From Osher Doctorow
In my M.A. Thesis at the University of London in social/cultural
anthropology in 1961 (I also have an M.A. in mathematics from USC 1969
and a Ph.D. in mathematical education from UCLA 1982), I studied
communication networks of wheel and cyclical and other types mentioned
in 199.1. My paper based on that Thesis was published in American
Anthropologist, April 1963, although there wasn't room to include most
of the details on the various networks. I also specialized in graph
theory combinatorics and other things including probability and
statistics in my M.A. coursework at USC and my Ph.D. coursework at
UCLA (together with differential equations).
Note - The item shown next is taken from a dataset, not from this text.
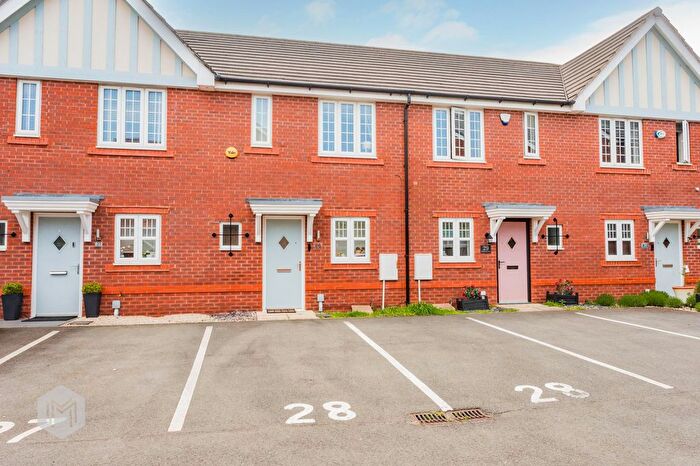 2 Bedroom Terraced House To Rent In Bridgefield Close, Tyldesley, M29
Wolfram's "Chromatic number" depicts quite a few graphs including K6,
C5, C6, W5, W6 in the notation of 199.1. Cn for n = 2, 3, 4, ... is
just a regular polygon graph with vertices being the vertices of the
polygon and edges the edges of the polygon and no "diagonal" depicted
connecting vertices. Wn adds to Cn a line segment from the center of
the graph to each vertex, but no others. Star graphs Sn don't proceed
from Cn but Wn, deleting Cn (that is to say, deleting the boundary
edges of the polygon). So Sn is just a center point ("vertex")
connected by separate line segments to peripheral vertices, like the
spokes of a wheel without the boundary of the wheel.